Сцена с надменной продавщицей фарфоровых чашек — одна из ключевых в фильме. Эта женщина со вздернутым подбородком, растянутым мартышечьим ртом и вызывающе прямым позвоночником с трудом выносит присутствие рядом с собой любых человеческих особей. Но нетерпение продавщицы, готовой как можно скорее выпроводить ненавистного покупателя, вскоре объясняется. На пороге появляется застенчивая дворовая псина, которая столуется в магазине, и в присутствии посетителя собаку приходится кормить, поставив ей миску в дверях. Собака стесняется, продавщица стесняется, а Андрей, по своему обыкновению, втягивается в философскую беседу: “Говорят, собаки различают до полутора тысяч запахов. Но ведь человек так плохо пахнет. Как же они нас терпят и любят?” — “В вашем вопросе уже заключен ответ, — цедит сквозь зубы продавщица. — Потому что терпят и любят”. Пафос этой “собачьей” (в лучшем смысле слова) готовности “терпеть и любить”, несмотря на способность различать до полутора тысяч оттенков человеческой глупости, слабости и фальши, — по всей видимости, основной пафос “Настройщика”. Муратовой здесь равно интересны, ее в равной степени занимают все: богатые и бедные, мошенники и их жертвы, холеные барыни и бомжихи с помойки, наркоманы, алкоголики, уличные музыканты, продавщицы, геи, случайные пассажиры в трамвае и даже хищные молодые красавицы…
Пожалуй, последняя категория, персонифицированная в образе возлюбленной героя — платиновой блондинки-вамп по имени Лина (Р. Литвинова), — объект наиболее трудный для “терпения и любви”. Лина — восхитительное чудовище, существо вне морали. Она ленива, корыстна, холодна, жестока, виртуозно умеет играть на нервах сожителя и настойчиво подбивает его на грабеж.
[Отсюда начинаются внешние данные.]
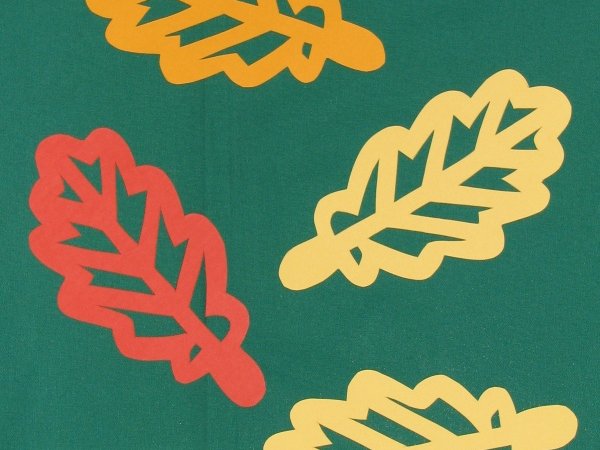 Leaves - Works from paper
Примиряет с Линой уморительная абсурдность произносимых ею — типично литвиновских — реплик и монологов, а также основополагающая комическая черта, очень точно найденная Муратовой. Главное свойство Лины — иррациональная жадность, когда аппетит намного превышает возможности не только кошелька, но и желудка.